It is sad when a person gets into this cycle where they can not help themselves and in a way, it is good that you can almost see that this is what you are doing. I know you are afraid of taking the medication but I'm afraid that this is a step you are going to have to take to start to get well again. If you have stomach problems, these are probably caused by the amount of anxiety you are suffering from so, in reality, the meds will help your stomach issues as they will help to relax you and reduce your anxiety. You won't have to take them forever, its just a stepping stone to start you on the right track.

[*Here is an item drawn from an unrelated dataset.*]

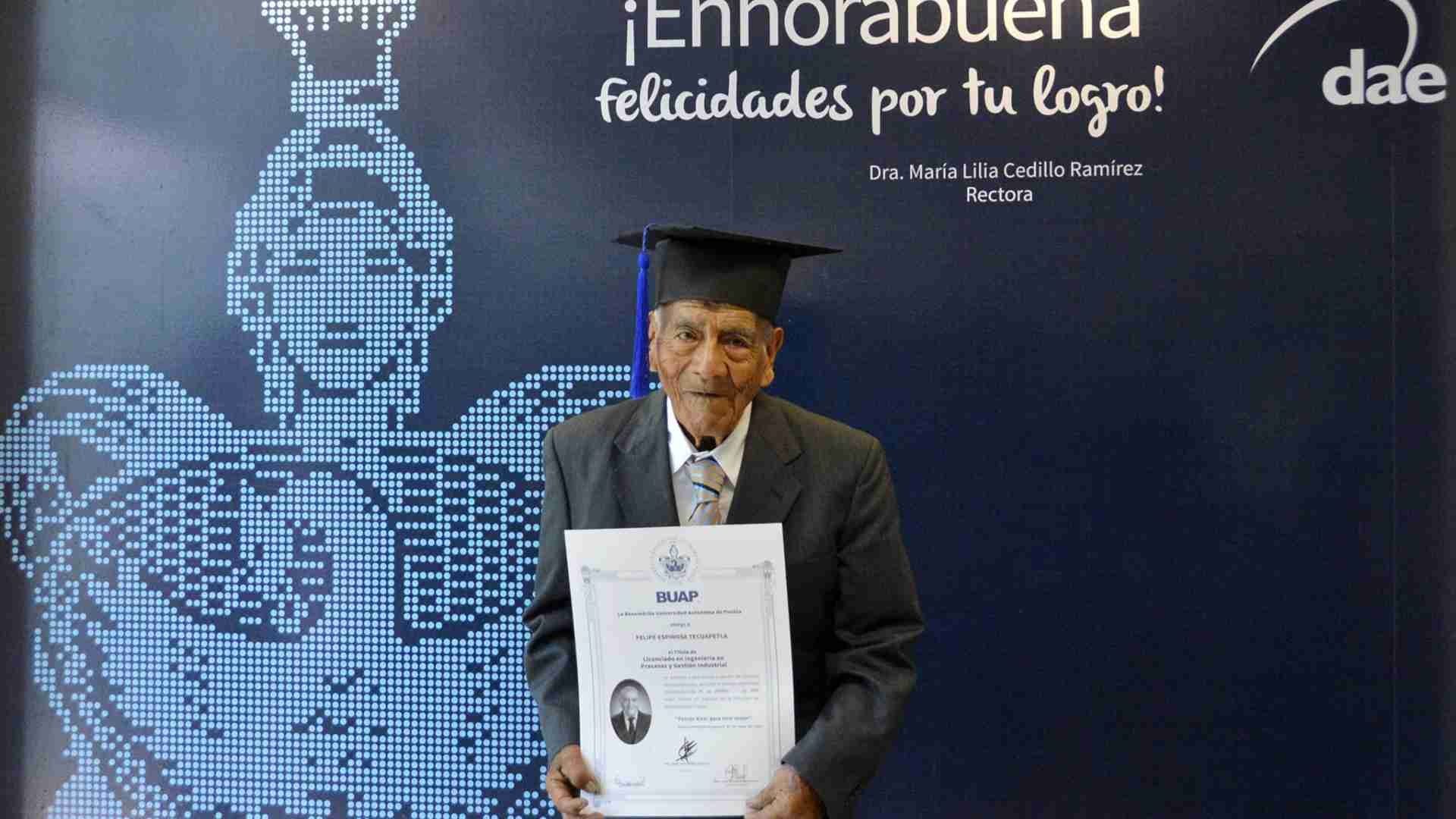 Don Felipe recibió su título profesional a sus 86 años de edad de manos de la Rectora de la BUAP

When I was in hospital suffering with depression and anxiety, I met a lot of people who, for the majority of their lives, let their illnesses rule them. They became dependent on their illness and dependent on the mental health system and almost thrived on it. I would hate to see you become this way as you are stronger than you think and can get through this.

You just need to take things one day at a time and be able to really want to get better. My determination really helped me to get well. I didnt want to spend my whole life suffering and letting my illness take me over. You are in control - please don't let your illness control you.

Try the med - just once and see how you feel. What is the worst that can happen? Nothing really bad is going to happen to you by just trying one of the tablets.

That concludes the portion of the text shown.